Example configuration with distributed training:

resources:
  slots_per_trial: N

Data Downloading

When performing distributed training, Determined will automatically create one process for every GPU that is being used for training. Each process will attempt to download training and/or validation data, so care should be taken to ensure that concurrent data downloads do not conflict with one another. One way to do this is to include a unique identifier in the local file system path where the downloaded data is stored. A convenient identifier is the rank of the current process: a process’s rank is automatically assigned by Determined, and will be unique among all the processes in a trial.

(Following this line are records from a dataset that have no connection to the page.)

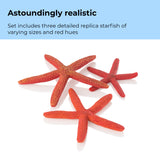 Starfish Set - Astoundingly realistic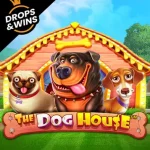 The Dog House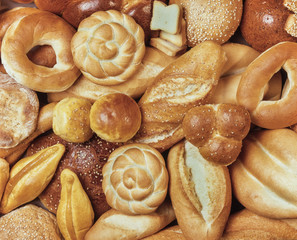 Assorted Breads Artisan bread creations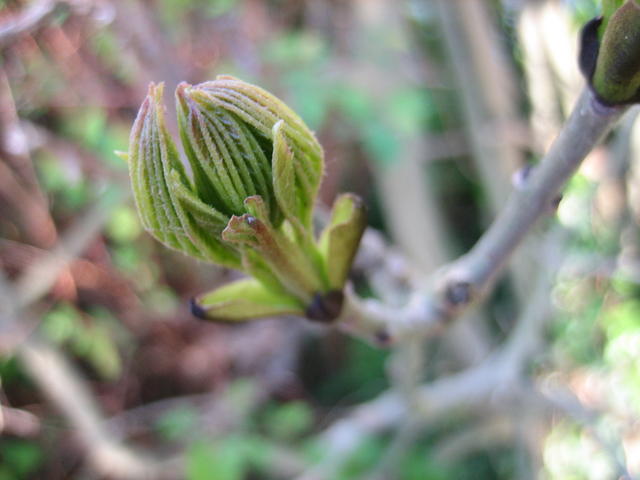 leaf bud - free image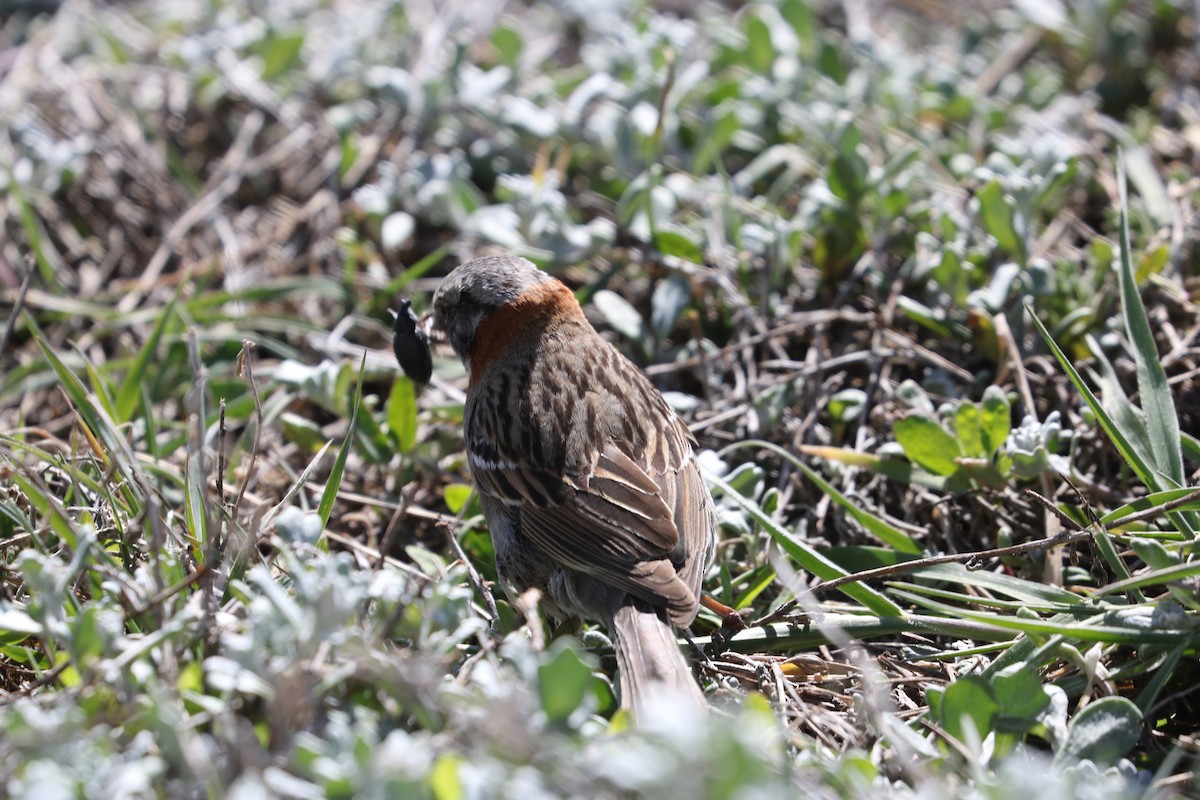 Rufous-collared Sparrow (Patagonian) - ML620930380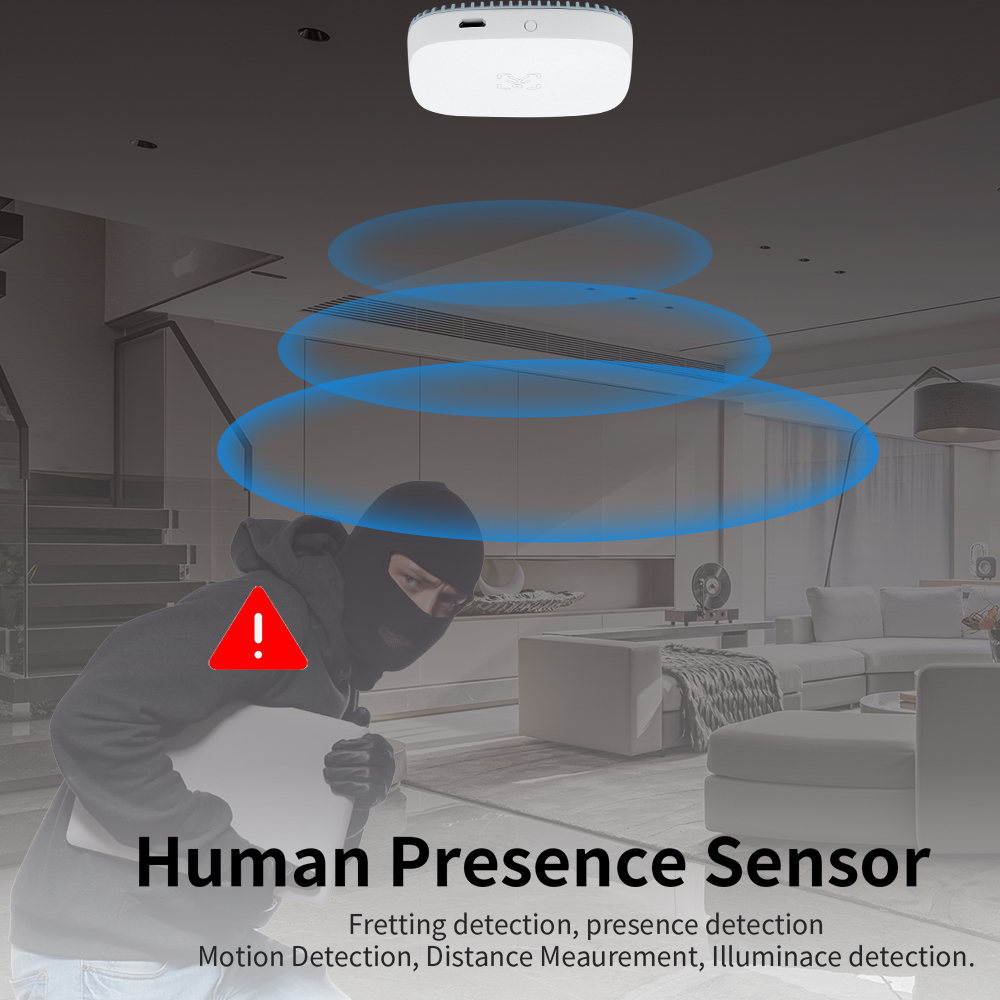 Detektor gerak gerak Zigbee PI - Home Assistant Tuya ulasan dan harga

You can do this by leveraging the self.context.distributed.get_rank() function. Below is an example of how to do this when downloading data from S3. In this example, the S3 bucket name is configured via a field data.bucket in the experiment configuration.

import boto3
import os

def download_data_from_s3(self):
    s3_bucket = self.context.get_data_config()["bucket"]
    download_directory = f"/tmp/data-rank{self.context.distributed.get_rank()}"
    data_file = "data.csv"

    s3 = boto3.client("s3")
    os.makedirs(download_directory, exist_ok=True)
    filepath = os.path.join(download_directory, data_file)
    if not os.path.exists(filepath):
        s3.download_file(s3_bucket, data_file, filepath)
    return download_directory

Scheduling Behavior

To use distributed training, slots_per_trial must be set to a multiple of the number of GPUs per machine. For example, if you have a cluster of machines with 8 GPUs each, you should set slots_per_trial to a multiple of 8, such as 8, 16, or 24. This ensures that the full network and interconnect bandwidth are available to multi-GPU workloads and results in better performance.

Warning

Distributed training is designed to maximize performance by training with all the resources of a machine. This can lead to situations where an experiment is created but never starts running on the cluster, for example if the number of GPUs requested is not a multiple of the number of GPUs per machine. Similarly, if a task is running on a multi-GPU machine and using one or more of its GPUs, that will prevent a distributed training job from starting on that machine.

If a multi-GPU experiment does not become active after a minute or so, please confirm that slots_per_trial is a multiple of the number of GPUs available on a machine. Also, you can also use the CLI command det task list to check if any other tasks are using GPUs and preventing your experiment from using all the GPUs on a machine.